▶ _About this task_
Below are entries with pictures in them. Output exactly the lines starting at the line with "แจฮยอนจาก Instagram ของคุณ" and ending at the line with "Used 2025 BMW", both included, but not the pictures.

▶ _Source data_

☆ ☆ ☆ ☆ ☆ ☆ ☆

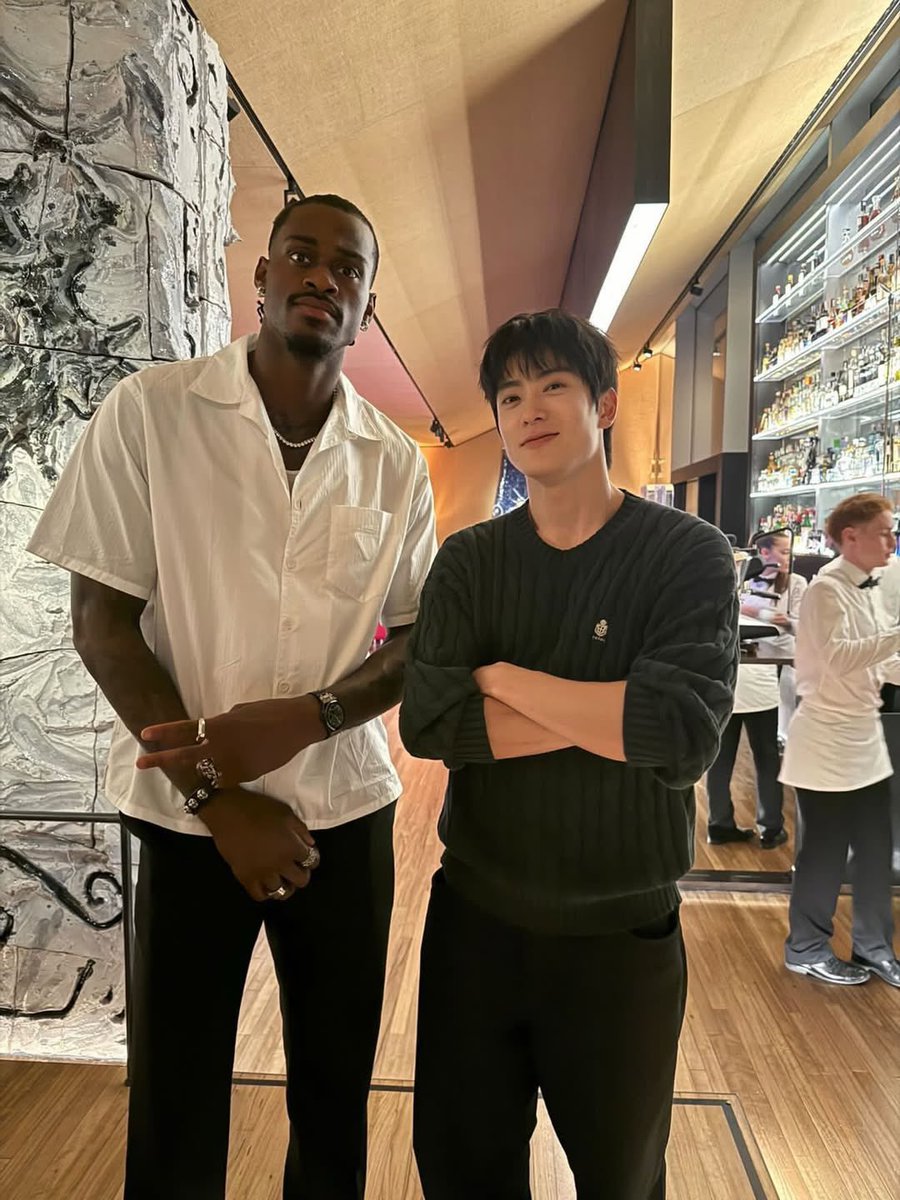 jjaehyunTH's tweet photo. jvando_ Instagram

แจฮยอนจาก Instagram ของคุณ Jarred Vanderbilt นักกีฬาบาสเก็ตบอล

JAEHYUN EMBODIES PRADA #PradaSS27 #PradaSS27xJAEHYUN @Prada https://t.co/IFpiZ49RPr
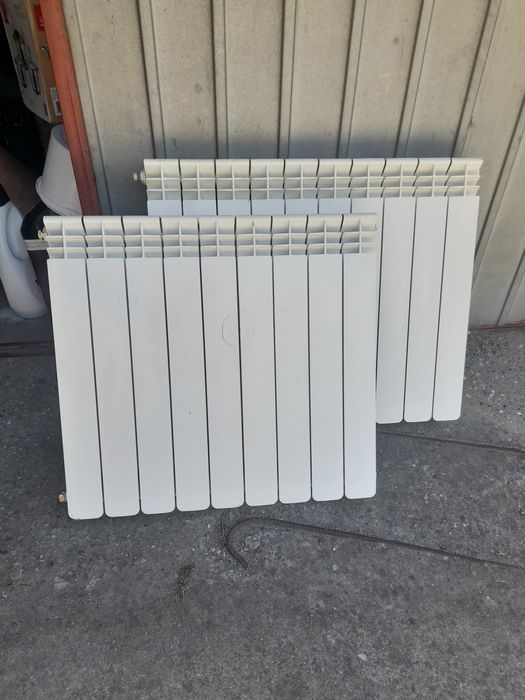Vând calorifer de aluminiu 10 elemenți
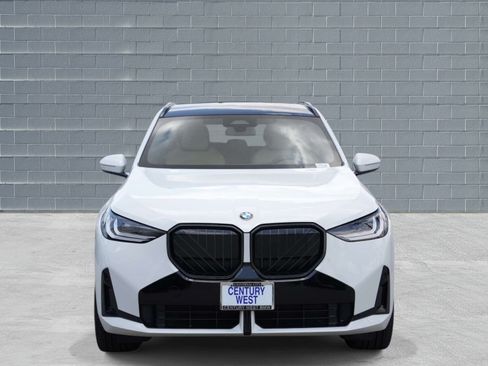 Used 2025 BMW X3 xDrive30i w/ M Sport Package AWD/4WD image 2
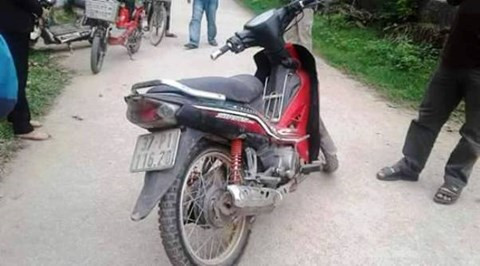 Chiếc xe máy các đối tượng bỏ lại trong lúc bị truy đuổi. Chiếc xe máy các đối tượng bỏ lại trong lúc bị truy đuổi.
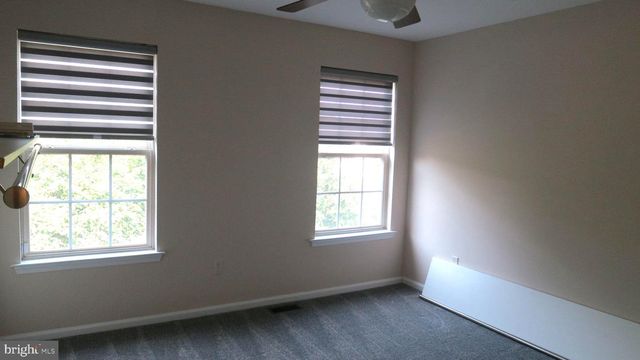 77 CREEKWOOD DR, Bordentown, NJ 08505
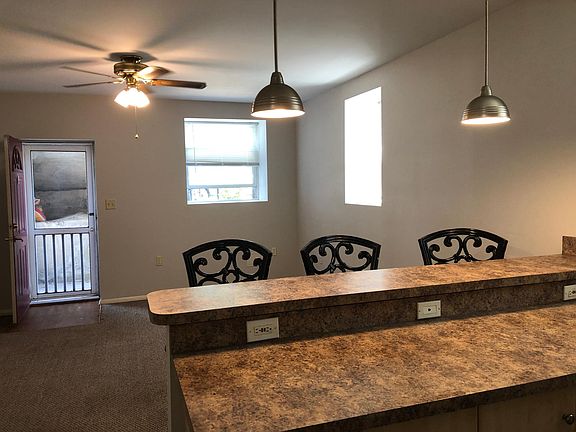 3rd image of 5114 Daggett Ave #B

☆ ☆ ☆ ☆ ☆ ☆ ☆

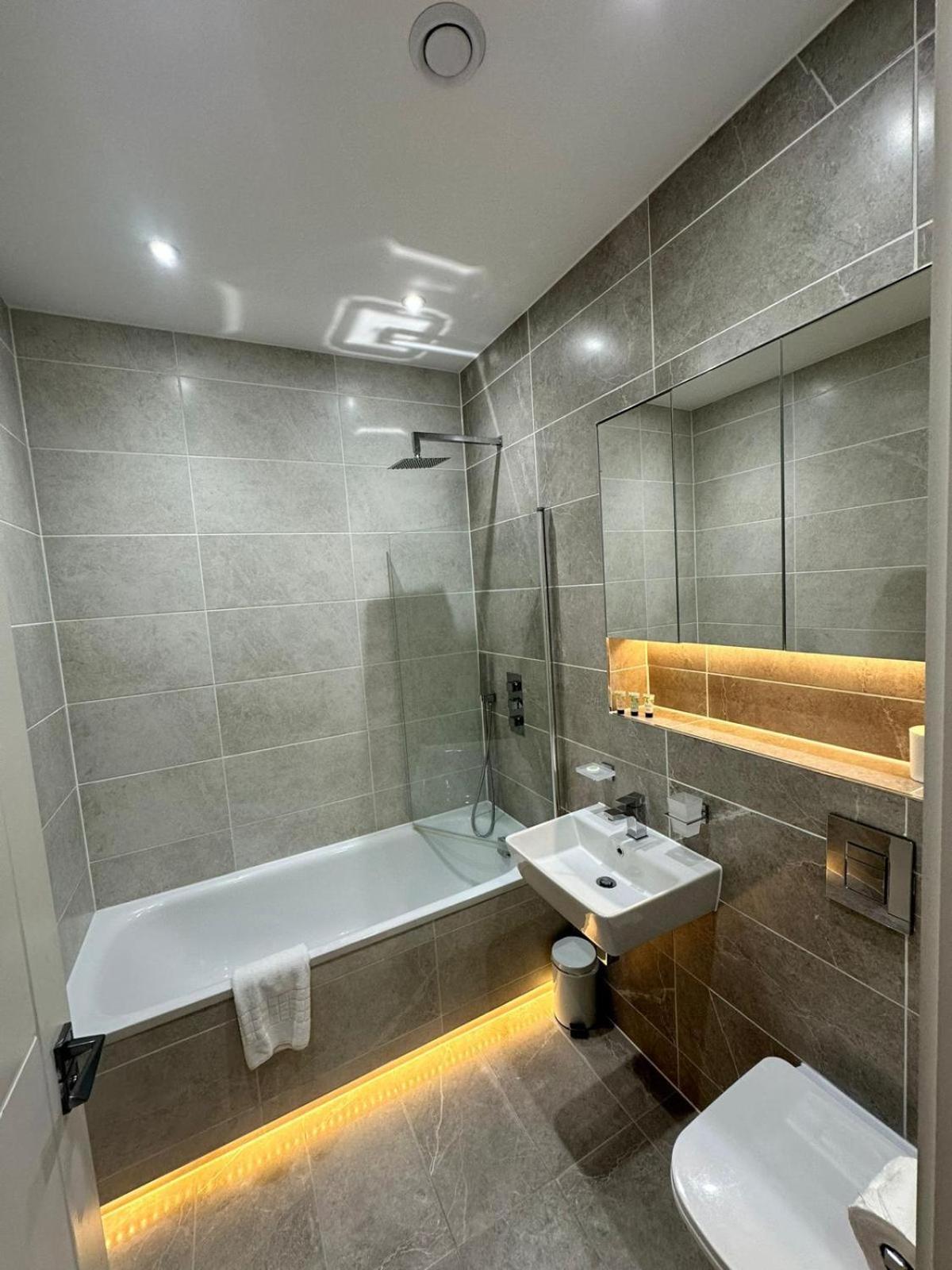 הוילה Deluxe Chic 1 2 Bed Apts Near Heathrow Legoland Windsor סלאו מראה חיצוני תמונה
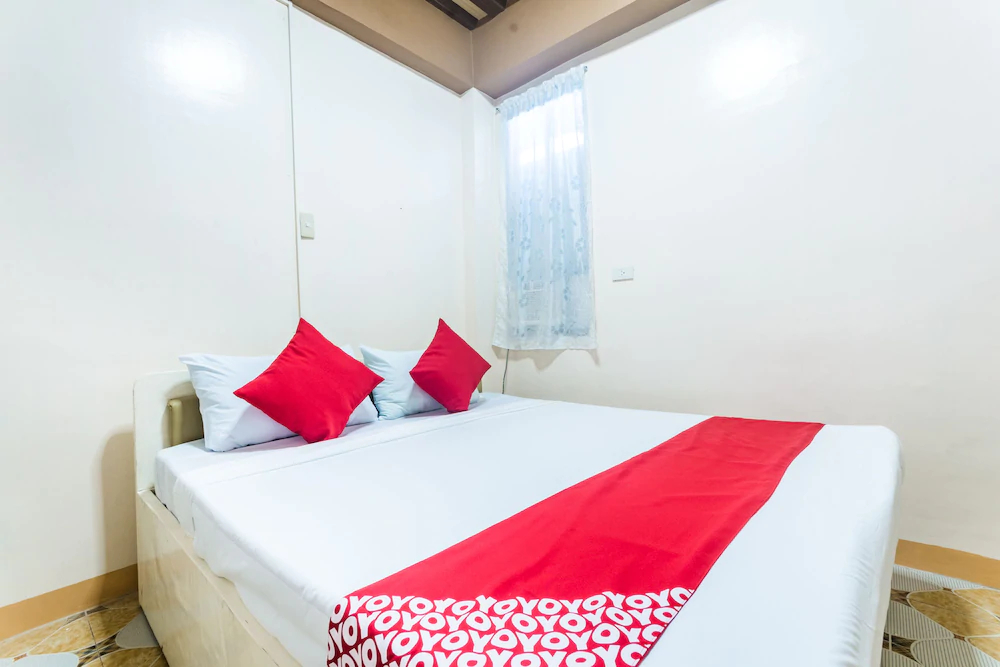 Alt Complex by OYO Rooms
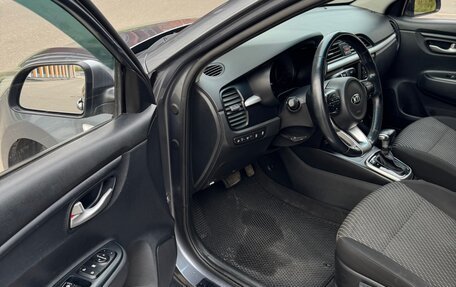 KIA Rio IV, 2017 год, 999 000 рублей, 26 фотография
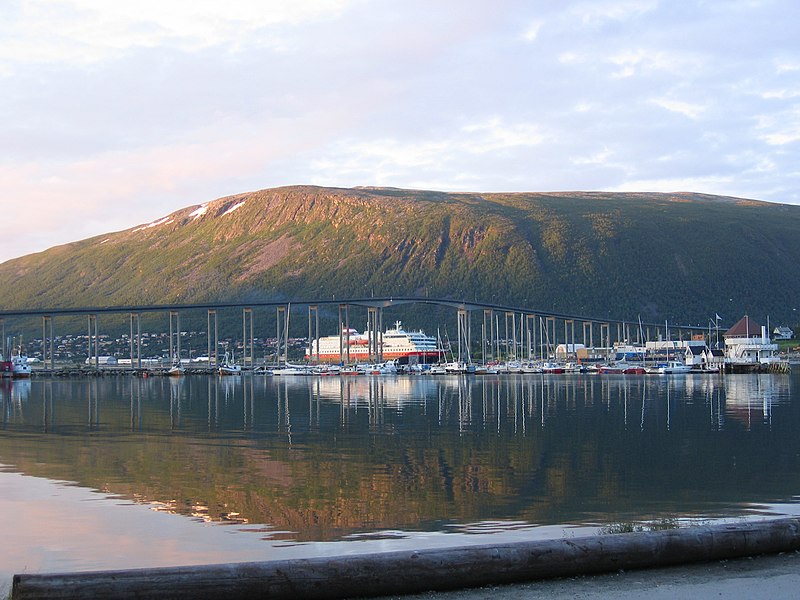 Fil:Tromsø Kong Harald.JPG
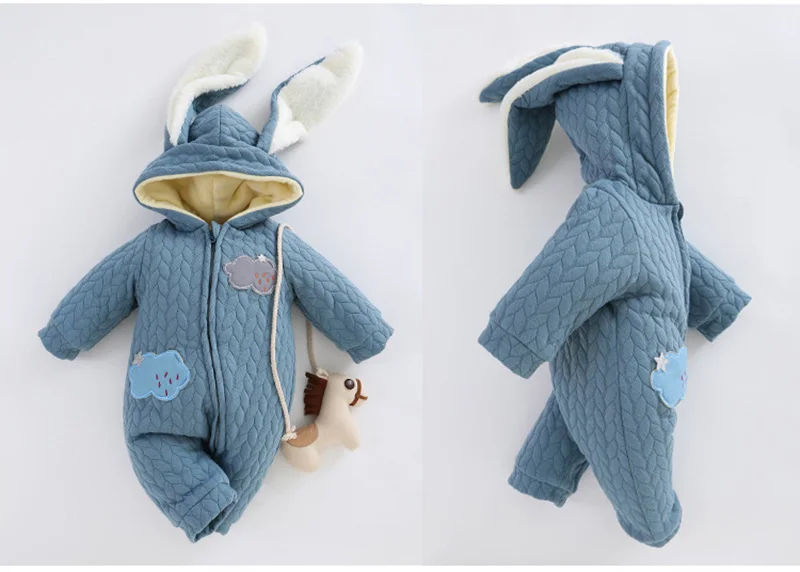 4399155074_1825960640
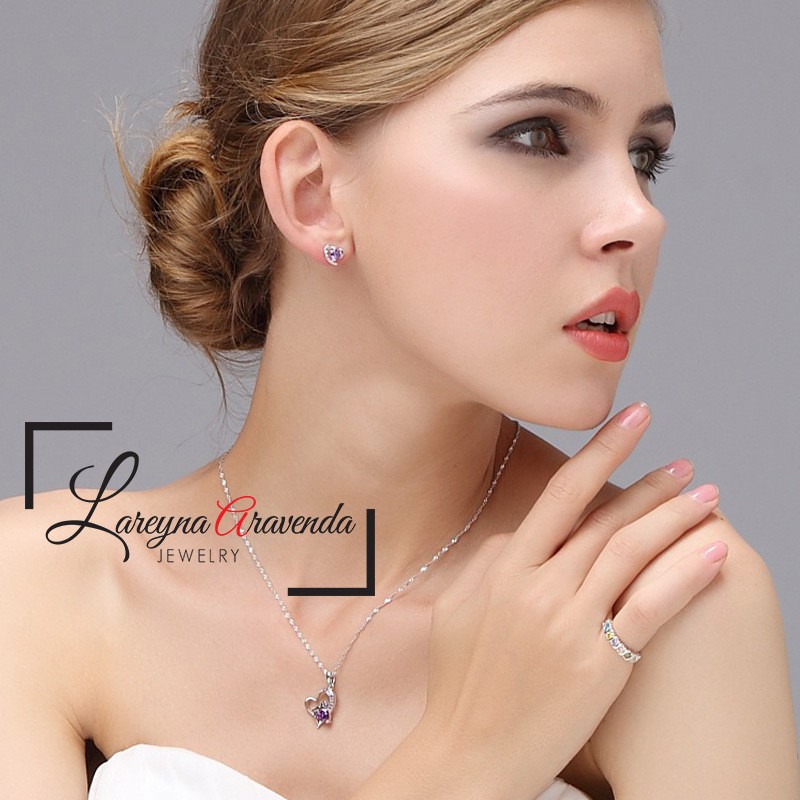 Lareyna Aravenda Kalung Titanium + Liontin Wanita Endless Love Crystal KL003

☆ ☆ ☆ ☆ ☆ ☆ ☆

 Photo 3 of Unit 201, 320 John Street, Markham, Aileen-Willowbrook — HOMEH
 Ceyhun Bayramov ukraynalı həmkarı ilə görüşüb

☆ ☆ ☆ ☆ ☆ ☆ ☆

▶ _Answer for the task_
แจฮยอนจาก Instagram ของคุณ Jarred Vanderbilt นักกีฬาบาสเก็ตบอล

JAEHYUN EMBODIES PRADA #PradaSS27 #PradaSS27xJAEHYUN @Prada https://t.co/IFpiZ49RPr
Vând calorifer de aluminiu 10 elemenți
 Used 2025 BMW X3 xDrive30i w/ M Sport Package AWD/4WD image 2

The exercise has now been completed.